This is the same bug class fixed for ESP in commit 1620c88887b1
("xfrm: Fix the usage of skb->sk"). Apply the analogous fix to
AH: convert skb->sk to a full socket pointer (or NULL) via
skb_to_full_sk() before handing it to xfrm_output_resume().
The same async AH callbacks were touched recently for an
independent ESN-related ICV layout bug in commit ec54093e6a8f
("xfrm: ah: account for ESN high bits in async callbacks"); the
sk type-confusion addressed here is orthogonal. This patch is
part of an ongoing audit of the AH callback paths; an ah_output
ihl-validation hardening series is also currently under review on
netdev.
Reproduced under UML + KASAN + lockdep with a forced-async
hmac(sha1) shim that registers at priority 9999 and wraps the
sync in-tree hmac-sha1-lib.
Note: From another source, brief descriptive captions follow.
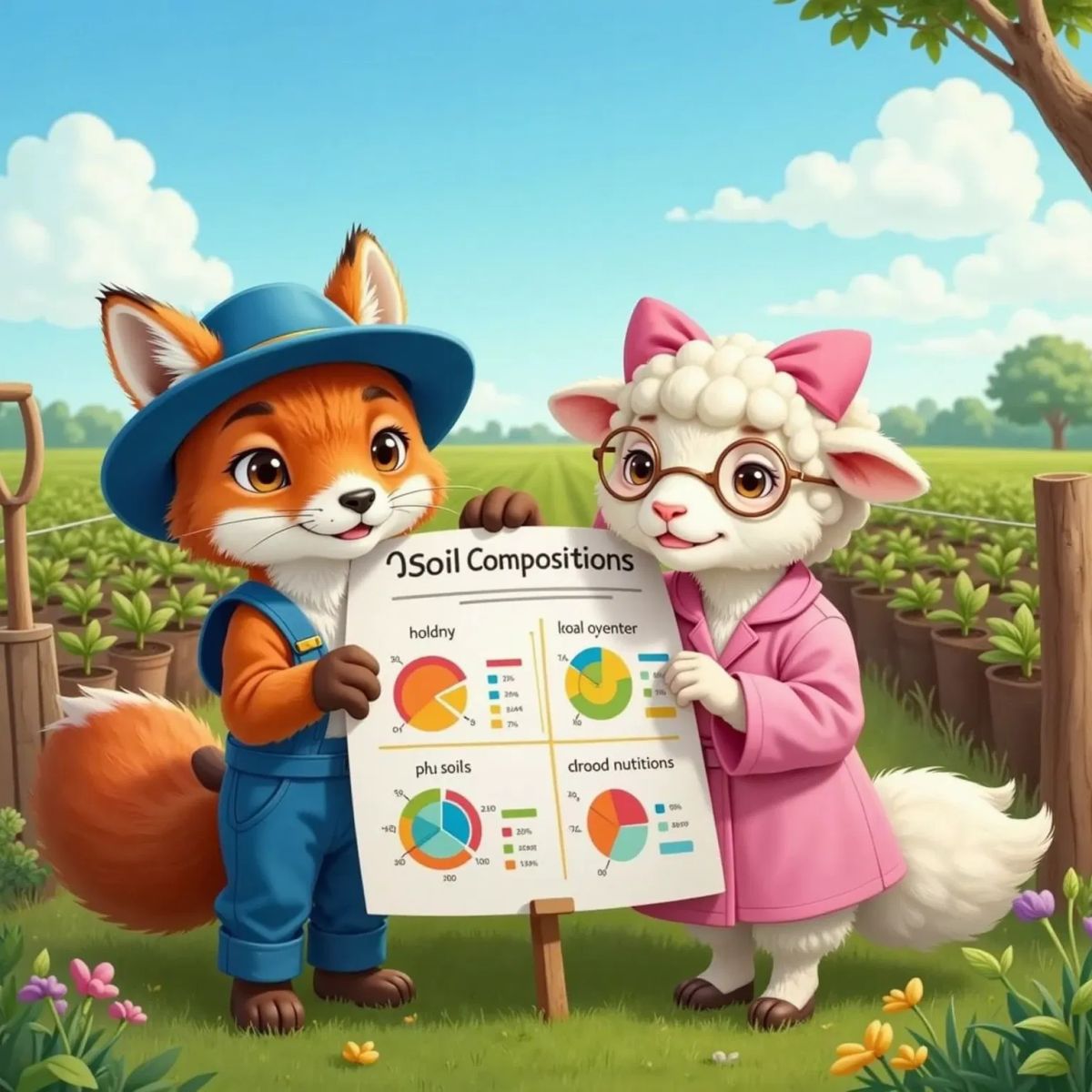 Sandy the Soil Scientist and Farmer Fox studying colorful charts, both looking excited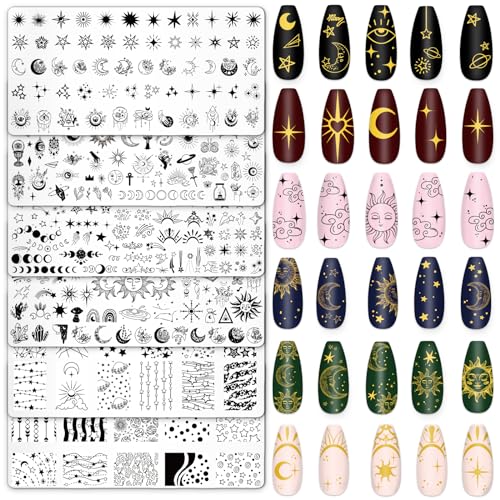 Whaline 6Pcs Sun Moon Star Nail Plates Stamping Set Groovy Stamp Templates Nail Art Plates for DIY Print Manicure Salon Design Gift Supplies - Sun Moon Star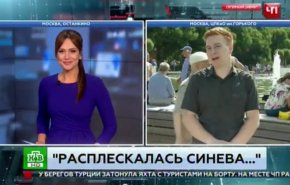 حمله به گزارشگر تلویزیون روسیه هنگام پخش زنده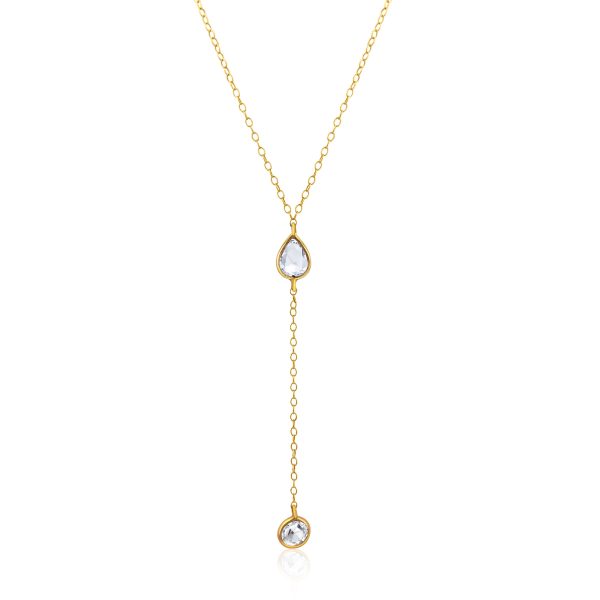 102431 fv Rock Divine Morning Light Rose Cut Diamond Lariat Necklace 18K Gold 110 CTW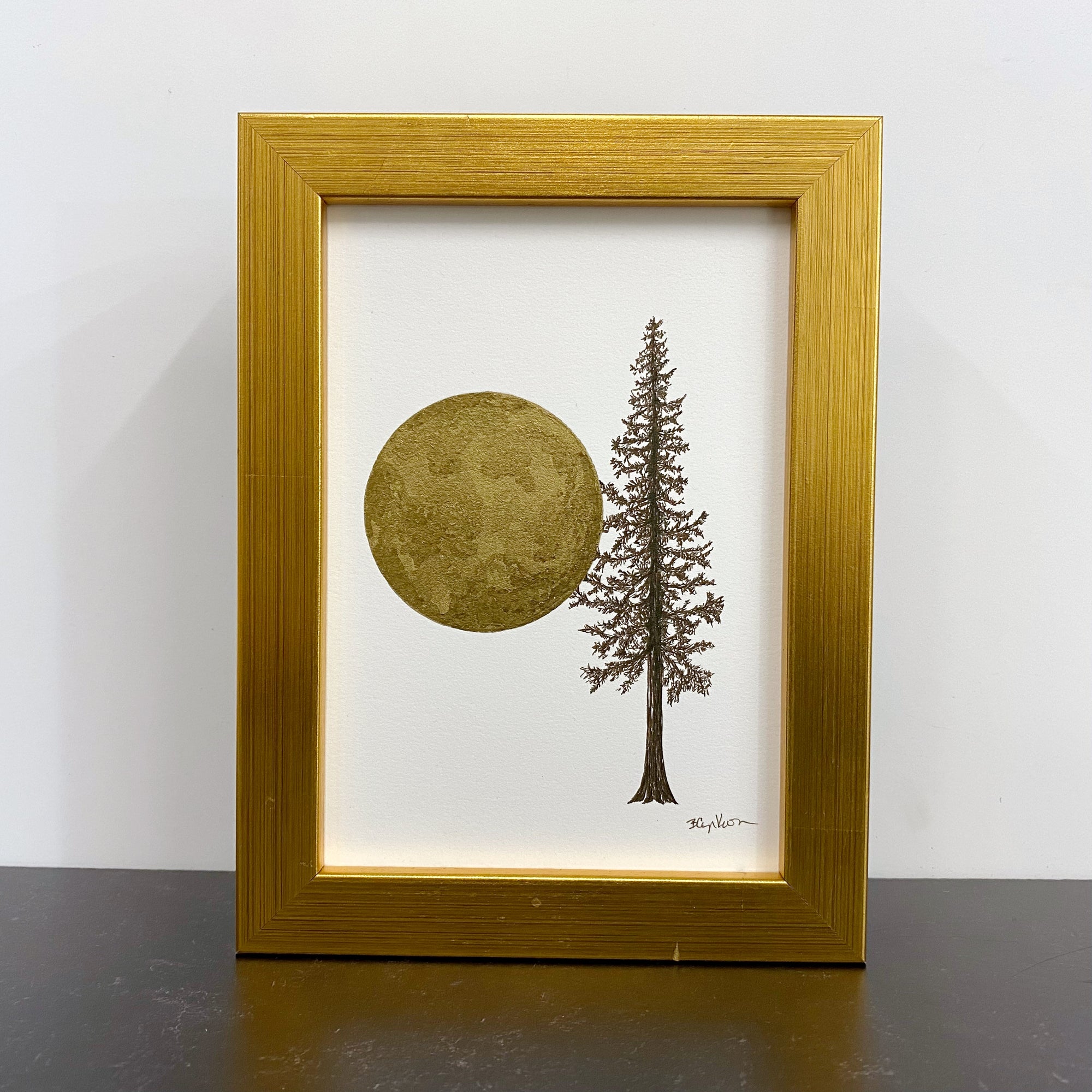 Giant Full moon with tall tree in brown ink - Original Drawing - 5&quot; x 7&quot;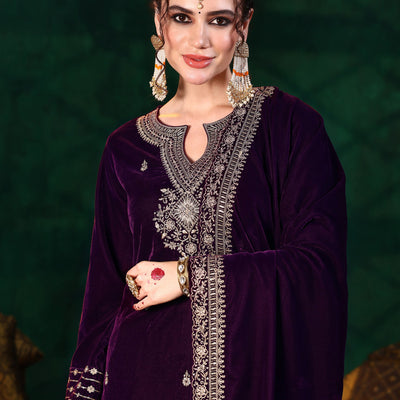 Burgundy Embroidered Velvet Straight Suit With Dupatta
With the shim loaded, ah_output_done
runs on every SYN-ACK egress through a transport-mode AH SA and
skb->sk arrives as a request_sock (TCP_NEW_SYN_RECV); after this
patch, xfrm_output_resume() receives the listener (the result of
sk_to_full_sk()) and consumer derefs land on full-sock fields as
intended.
Fixes: 9ab1265d5231 ("xfrm: Use actual socket sk instead of skb socket for xfrm_output_resume")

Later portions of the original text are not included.